Abu Dhabi National Oil Co. awarded CNPC an 8 percent stake in the onshore venture in return for a $1.8 billion signing bonus, Adnoc said Sunday in a statement. State-run CNPC is the venture’s third Asian partner, joining Japanese and South Korean companies alongside BP Plc and Total SA. BP signed on to the project in December, and Total in January 2015.
Asia will show the fastest growth in energy demand over the next two decades, according to the International Energy Agency. Abu Dhabi is among Persian Gulf oil producers including Saudi Arabia and Iraq that are tapping Asia for energy investments. While European and U.S. companies have pumped oil in the Middle East for more than a century, their Asian counterparts are relative newcomers.
“If you’re Abu Dhabi and looking for demand growth, China is the future and its demand is going to continue to grow,” Chris Gunson, a Dubai-based lawyer at Amereller Legal Consultants, said Sunday. “For the big buyers in Asia, the logical source of that future supply is the Gulf.”

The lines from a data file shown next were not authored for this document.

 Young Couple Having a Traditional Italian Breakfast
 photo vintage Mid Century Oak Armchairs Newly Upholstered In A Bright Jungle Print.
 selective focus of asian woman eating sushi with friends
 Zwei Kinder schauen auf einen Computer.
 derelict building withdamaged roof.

CNPC is joining the Abu Dhabi Company for Onshore Petroleum Operations, or ADCO. BP and Total each hold 10 percent stakes in the venture, while Japan’s Inpex Corp. owns 5 percent and GS Energy Corp. of South Korea holds 3 percent. Abu Dhabi plans to retain a 60 percent stake in ADCO and is seeking an investor for the remaining 4 percent, Adnoc said in the statement.
Japanese companies are partners in at least four other oil-production ventures in Abu Dhabi, the largest sheikhdom in the United Arab Emirates. Korean and Chinese companies are exploring at smaller concessions in the emirate. CNPC’s engineering arm also helped build an export pipeline in Abu Dhabi.

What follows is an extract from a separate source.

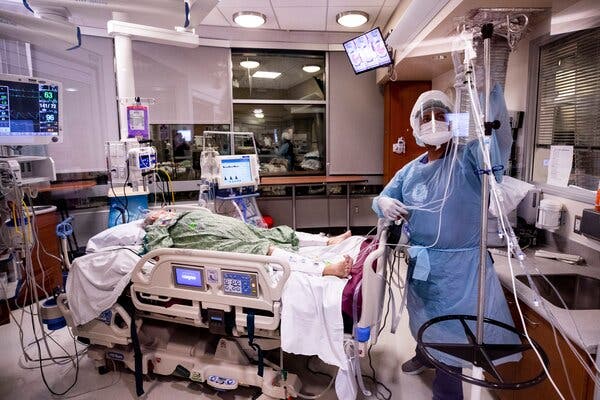 A nurse treating a Covid-19 patient in the intensive care unit of Sharp Grossmont Hospital in La Mesa, Calif.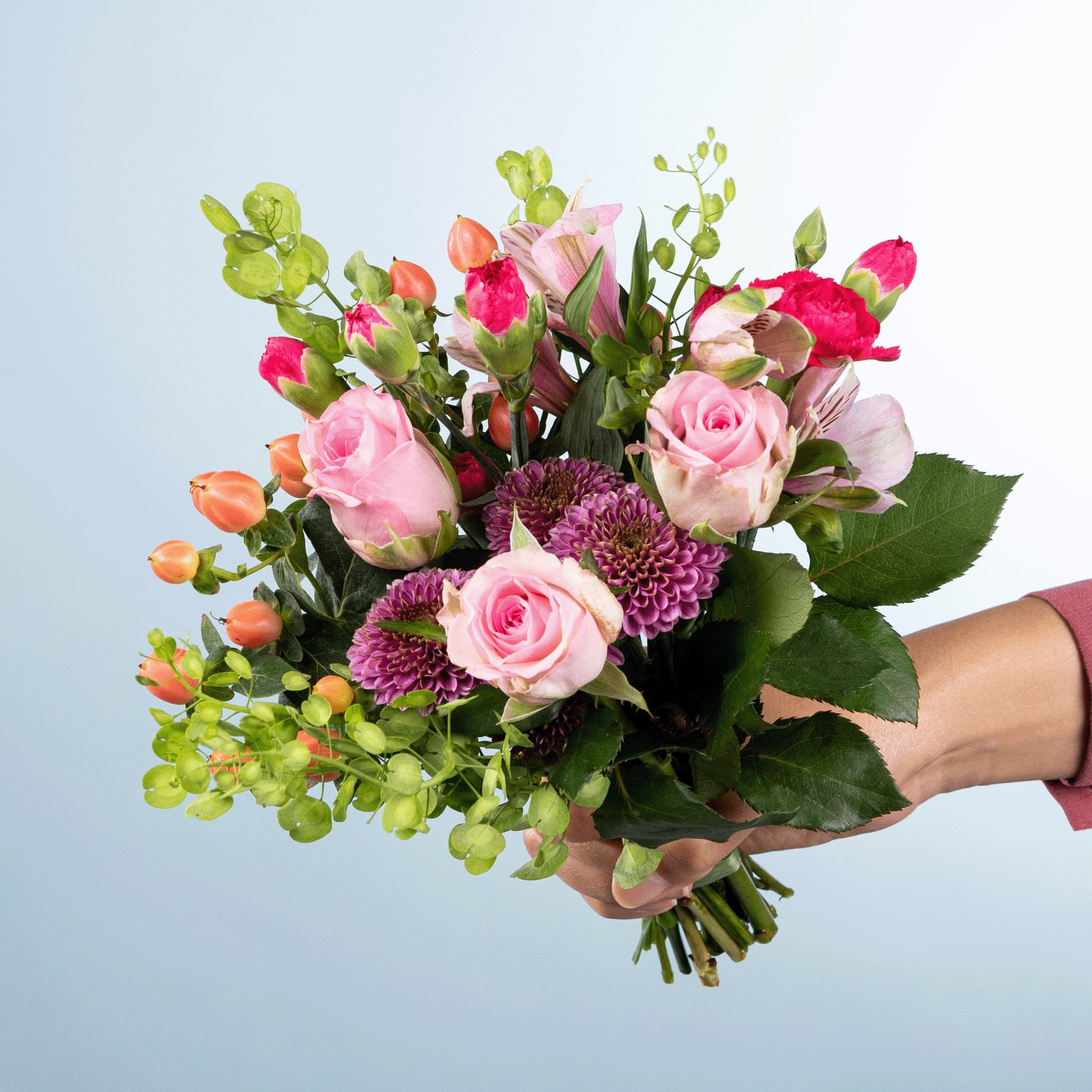 Ein leuchtender Strauß rosa und roter Rosen, Chrysanthemen und anderer Grünpflanzen, den eine Person vor einem schlichten Hintergrund in den Händen hält.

Elsewhere in the region, CNPC is developing Iraq’s biggest oil field, together with BP. China Petroleum and Chemical Corp. is a partner in a refinery in Saudi Arabia, and Chinese firms are developing crude deposits in Iran.
Abu Dhabi is seeking to boost production capacity to 3.5 million barrels a day by 2018. ADCO pumps about half of Abu Dhabi’s roughly 3 million barrels of daily crude output.
The emirate is expanding production capacity even amid a global oil glut that cut prices to an average of about $50 a barrel over the last two years. The Organization of Petroleum Exporting Countries, of which the U.A.E. is the fourth-biggest producer, agreed in November to cut production in effort to trim crude stockpiles and boost prices.
The 40-year concession replaces an earlier agreement under which Western oil majors pumped the emirate’s crude. Exxon Mobil Corp. and Royal Dutch Shell Plc took part in the previous venture, also called ADCO, along with BP, Total and Portugal’s Partex Oil & Gas Group. That deal expired in January 2014. Adnoc ran the concession on its own for a year, then backdated the new deal to Jan. 1, 2015.